TROUBLE AND SQUEAK
I have a Toyota 86 GTS Limited Edition with Brembo brakes that squeal when applied at low speed, hot or cold. The problem has been evident since I bought it new and it has done only 9000km. The dealer says they’ll charge me for an inspection, as brakes aren’t covered under warranty.
Geoff Ford, email
It may be acceptable for cold brakes on racing cars to squeal but not on a new road car. The problem’s been there since new, it’s not gone away and the dealer must take some responsibility. A Toyota Australia spokesman (whose own 86 GTS Limited Edition doesn’t suffer brake squeal) says your dealer should look at the problem, then perhaps machine the rotors or re-bed the brake pads to fix. If they won’t do this free, I’d suggest taking your business and loyalty to another Toyota dealer.
I drive a 2017 Toyota Prado GXL and am wondering whether Toyota can retrofit a switch to activate the burn cycle for the diesel particulate filer?
Rod Stubbings, email
There’s much interest in retrofitting a DPF switch and there’s also good news. Toyota says a dealer can retrofit such a switch but “only on a case-bycase basis to ensure the switch will be beneficial and that there are no other underlying issues”.
UP THE RATINGS
I’ve just bought a brand new Hyundai i30SR and see the recommended fuel is standard 91 RON. But Hyundai staff suggested I use 95 RON, 98 RON or even a blend of the three during the year.

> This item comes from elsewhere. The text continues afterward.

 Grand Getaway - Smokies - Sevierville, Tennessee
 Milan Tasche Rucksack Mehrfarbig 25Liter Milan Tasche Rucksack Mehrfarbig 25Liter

What would you use if it were your car? Colin Forsyth, via email
Cracking car, the i30SR, and its 1.6-litre turbo engine will run fine on 91RON. It will enjoy 95 or 98 more with their lower sulphur content, detergents to help it run smoother and, possibly, improve fuel economy and performance. Mixing all three seems reasonable advice to me. If it were my car? I’d use 95 mainly, 98 before a blast in the hills, but never E10.
Re premium diesel and engine performance. Premium generally has a higher cetane rating (its combustion and compression indicator) than standard diesel. Our Audi A6 3.0-litre diesel runs smoother and, I believe, exhibits more power using BP Ultimate with cetane rating of 53. I’ve found other diesel rated at 46 to 53. It would be useful if service stations declared cetane ratings of their diesel fuel. Glen Mickan, email
I’ve tried all brands of diesel and found no evidence of improved performance from any of them — but have seen a difference in fuel economy. A specialist diesel workshop told me you don’t need premium diesel for cleaning and instead recommended Flash Lube each time I fill up. At an extra 20c-30c per tank, the cost is negligible.
Ross Gardner, email
Using premium fuel in my Mercedes-Benz E270 CDI has stopped it blowing smoke and given better economy on the highway. Graeme Baird, email
Mixed reviews on premium diesel being worth it. A few diesel experts I spoke to suggest you’ll see no performance improvement but the premium’s detergents and corrosion inhibitors make it worthwhile to put in your tank occasionally. Some diesel owners report gains in performance, economy and smoothness, so if it works for you …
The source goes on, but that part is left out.